Le banc de test, chez moi, c’est une prise sur le rack du homelab pour tracer ce que consomment les nœuds Proxmox. C’est moins glorieux qu’un atelier d’usinage, mais c’est le même capteur, la même chaîne et le même tableau de bord que ce que je proposerai à l’usine.

  • Une prise mesure ce qui est branché dessus. Pour un départ de tableau, il faut un compteur à pinces, posé par un électricien, dans une armoire où je ne mets pas les mains. Le projet se scinde donc en deux : la partie « objets » que je maîtrise, et la partie « armoire électrique » qui se planifie avec la maintenance.
  • Matter est jeune sur l’énergie. Le cluster de mesure existe, tous les fabricants ne l’implémentent pas encore, et l’offre de compteurs modulaires Matter est mince. Zigbee et Z-Wave restent le plan B, sans regret : chiffrés, locaux, éprouvés.
  • Le mDNS entre VLAN est la source classique de « ça marchait hier ». Je documente les règles UniFi au fur et à mesure pour ne pas les redécouvrir à chaque mise à jour du contrôleur.
  • Tuya reste interdit.
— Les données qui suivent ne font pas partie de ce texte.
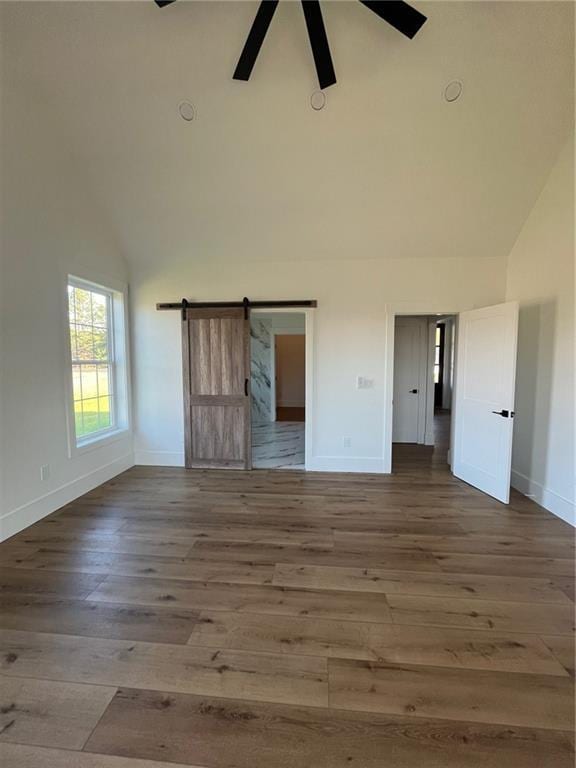 unfurnished bedroom featuring high vaulted ceiling, a barn door, baseboards, and wood finished floors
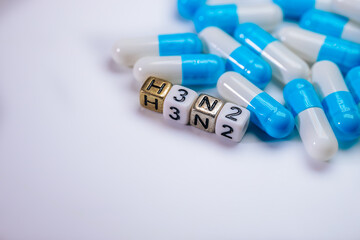 Blue and white capsules scattered on a surface, with lettered blocks displaying H3N2, representing pharmaceutical concepts and health-related themes in a vibrant composition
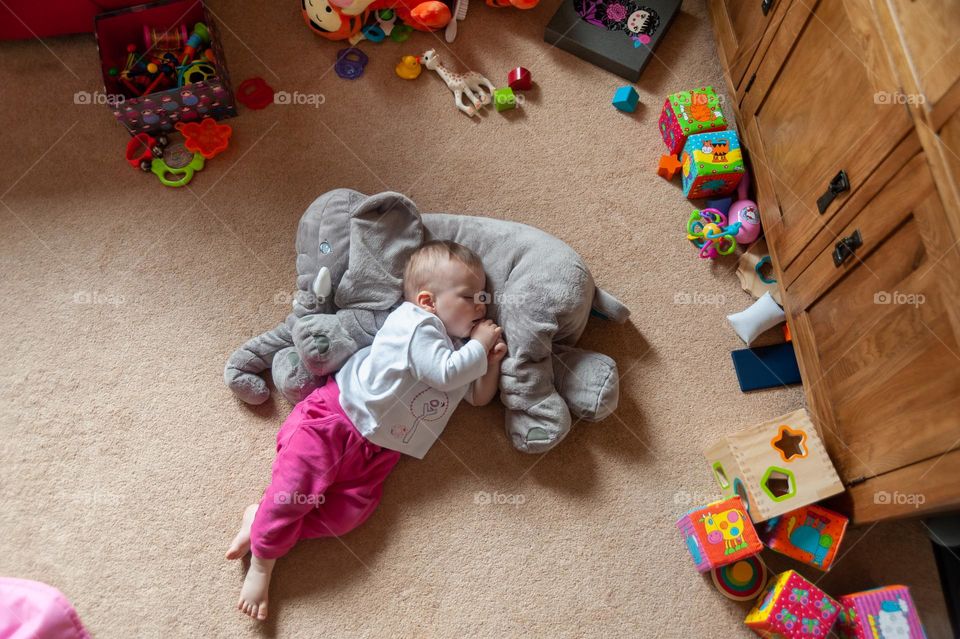 Sleeping baby on elephant plush toy.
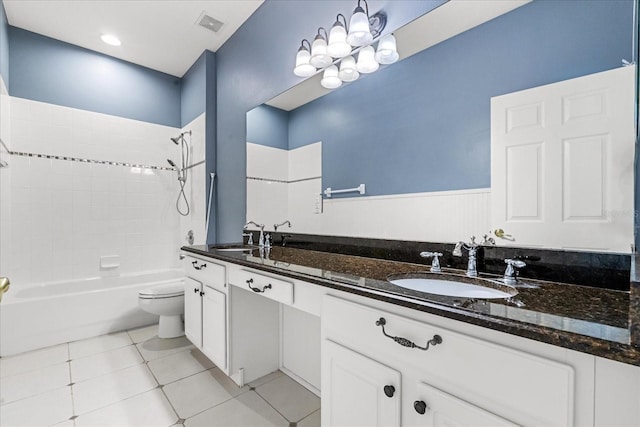 9644 Myrtle Creek Ln, Orlando, FL 32832 - bathroom with double vanity, toilet, shower / tub combination, and tile patterned floors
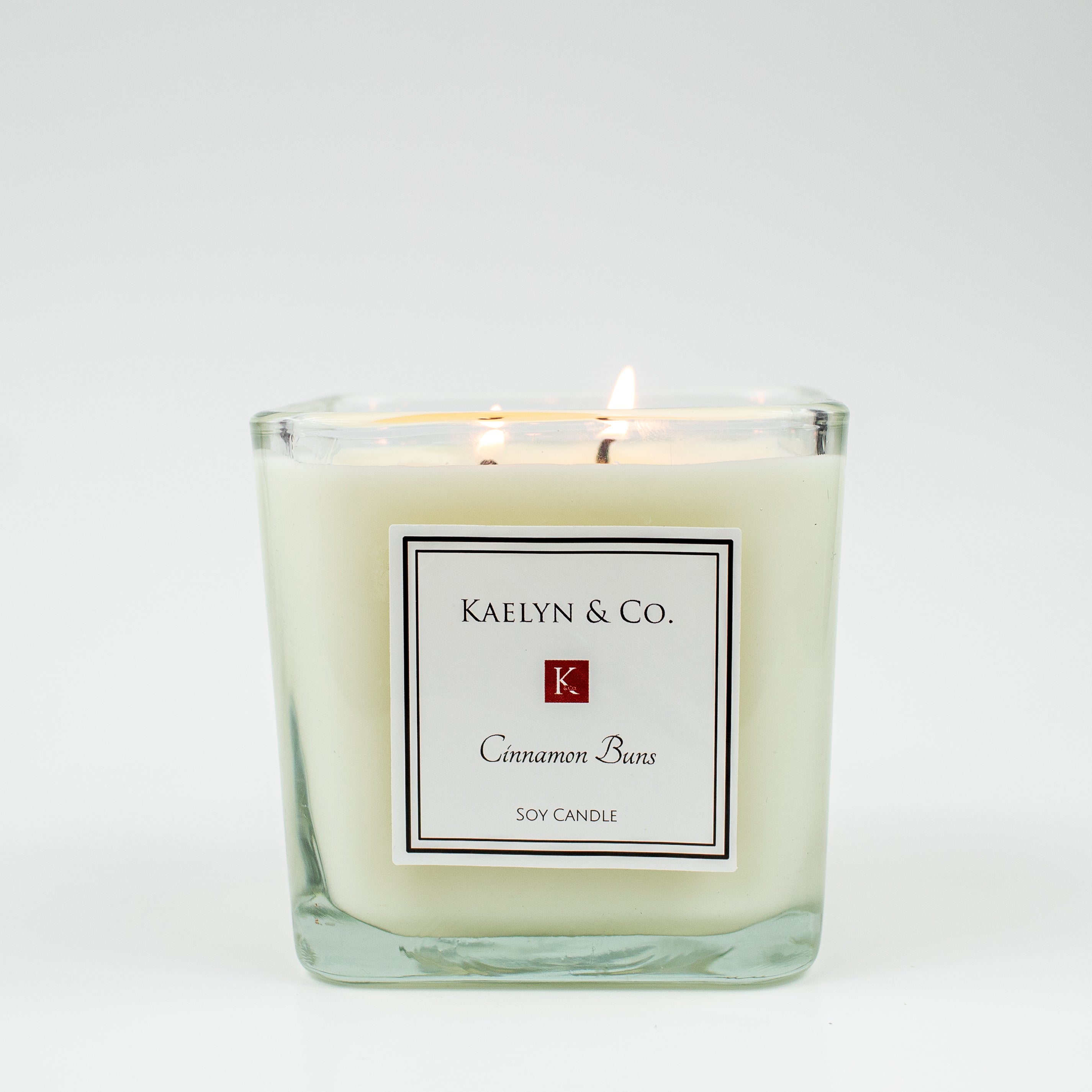 Cinnamon Buns Medium Cube Candle in decorative box, showcasing its warm, inviting scent and elegant design.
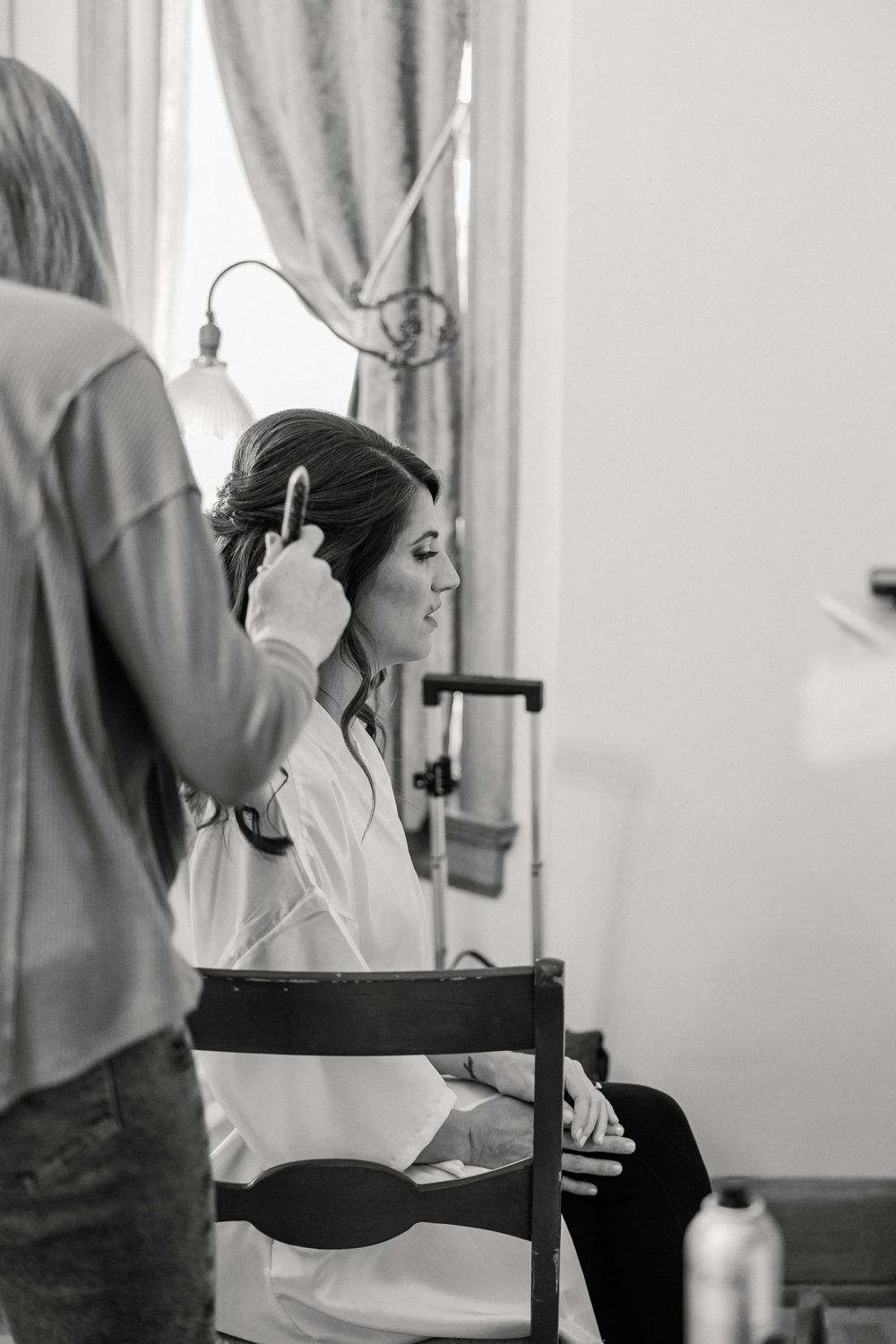 Black and white photo showing wedding day hair styling preparation in front of a window.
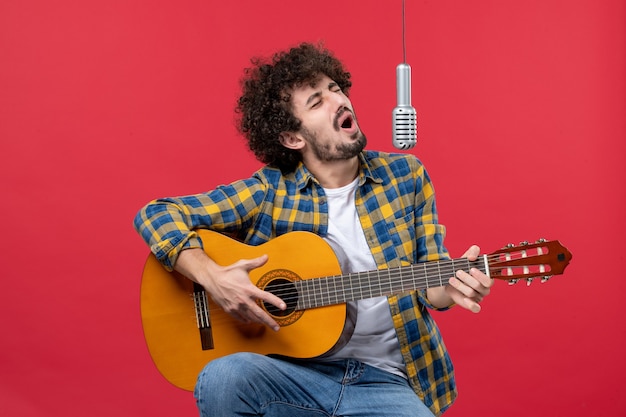 Front view young male playing guitar and singing on a red wall band singer performance musician concert live color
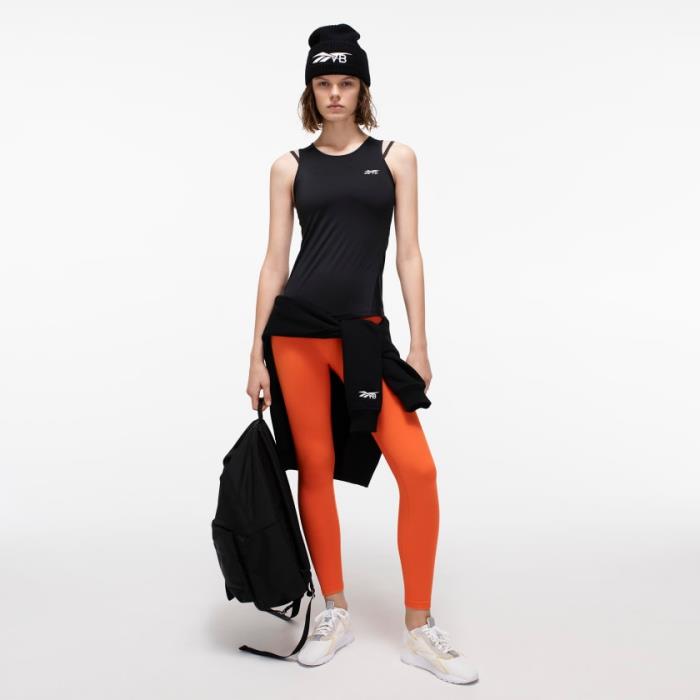 idėja sportinė kepurė juodos spalvos, juodas moterų viršus, antblauzdžiai oranžinės spalvos, juoda unisex rankinė iš „Reebok“ ir „Victoria Bechkam“ kolekcijos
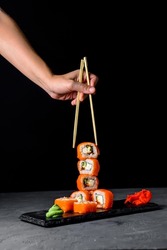 Set of Philadelphia or California sushi on black stone slate. Over grey, over gray background. Japanese cuisine concept. Creative advertisement concept, vertical banner. Eating sushi with chopsticks.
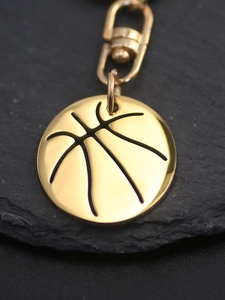 Detailed close-up of a polished gold basketball pendant with a lobster clasp and ring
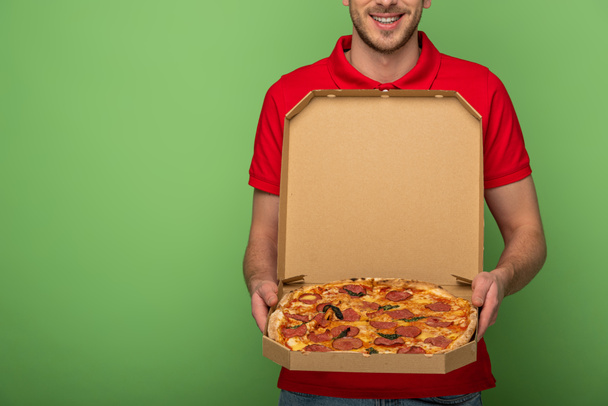 cropped view of smiling delivery man in red uniform holding pizza box on green - Photo, Image
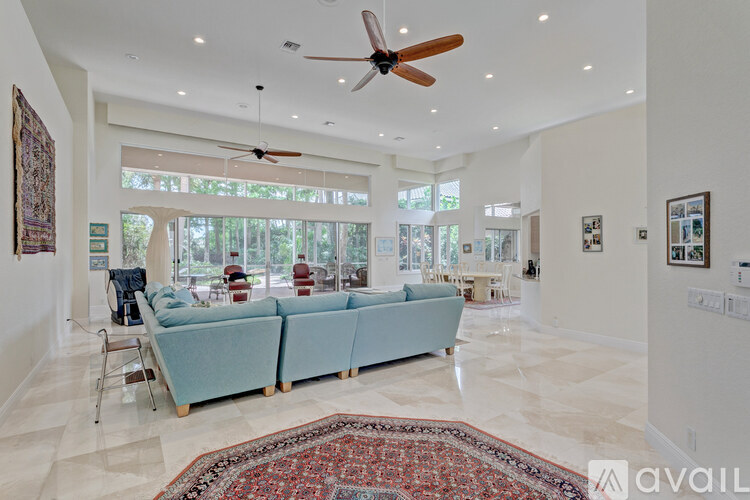 A living room with a blue couch and a fan.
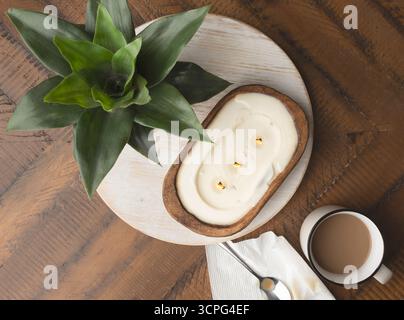 Overhead view of bread bowl candle on rustic table top Stock Photo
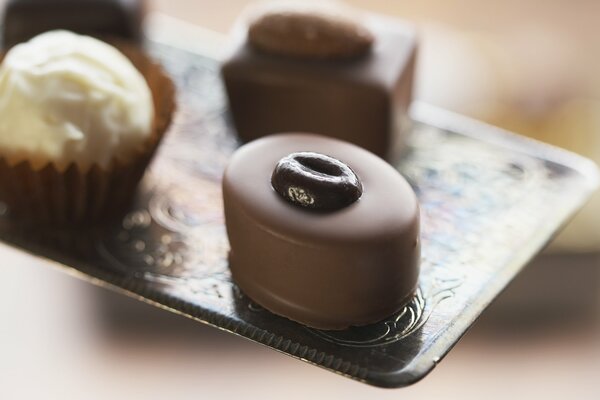 Beaux chocolats sur un plateau décoré de café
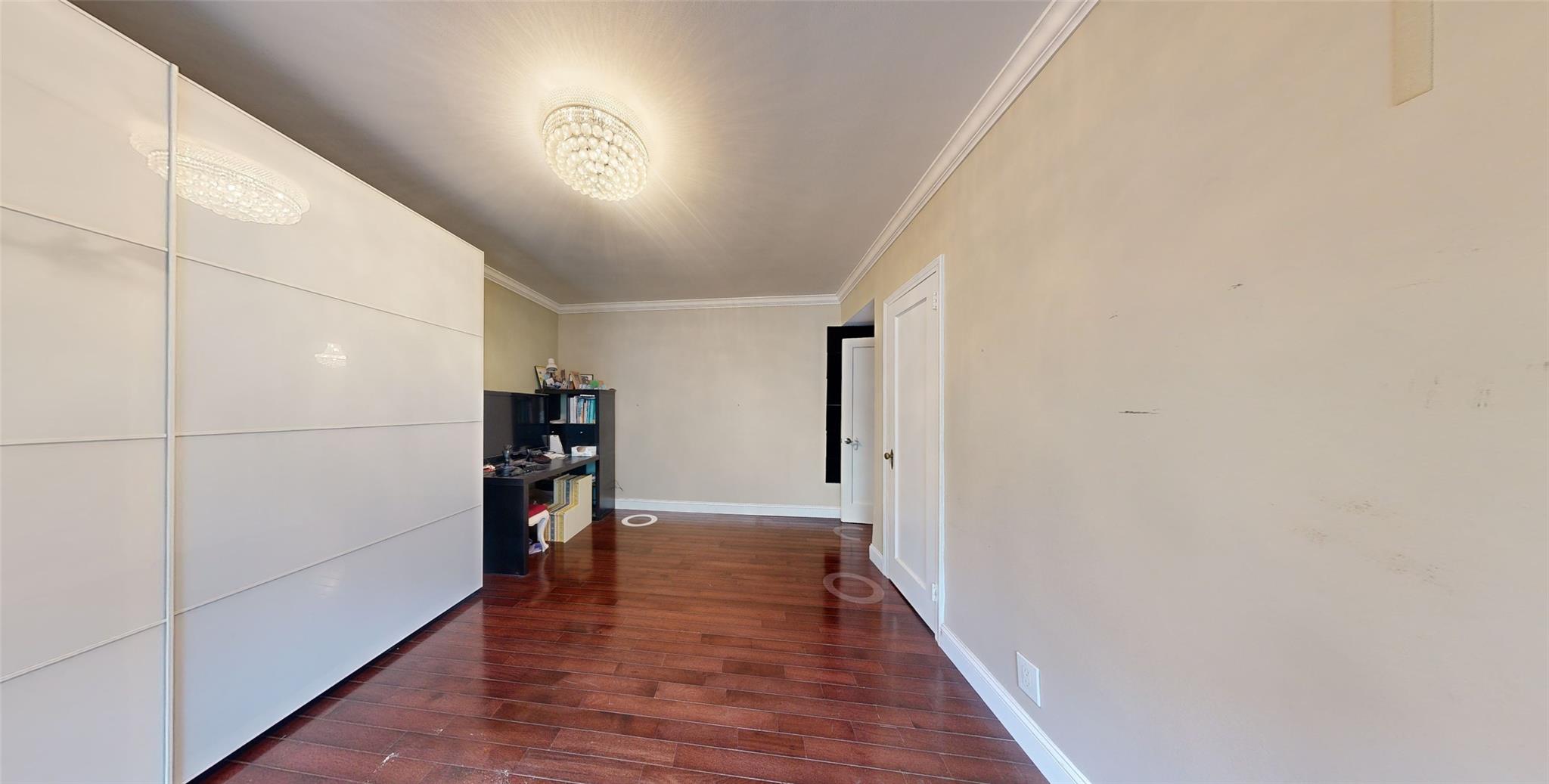 94-10 64th Road, Unit B6 Queens, NY 11374 - Photo 7 of 17 Hall featuring a chandelier, crown molding, dark wood-style flooring, and baseboards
Même quand un capteur Tuya est « compatible Home Assistant » via une intégration locale, il embarque un firmware et un cloud que je ne veux pas voir sur un réseau d’entreprise.

La suite : quand la maquette aura tourné assez longtemps pour que j’aie confiance dans les totaux, je présenterai les deux scénarios au bureau d’études avec les coûts, et la direction tranchera. Si c’est Home Assistant, la première étape sera un rendez-vous avec l’électricien, pas une commande de prises. Je mettrai cette page à jour à ce moment-là.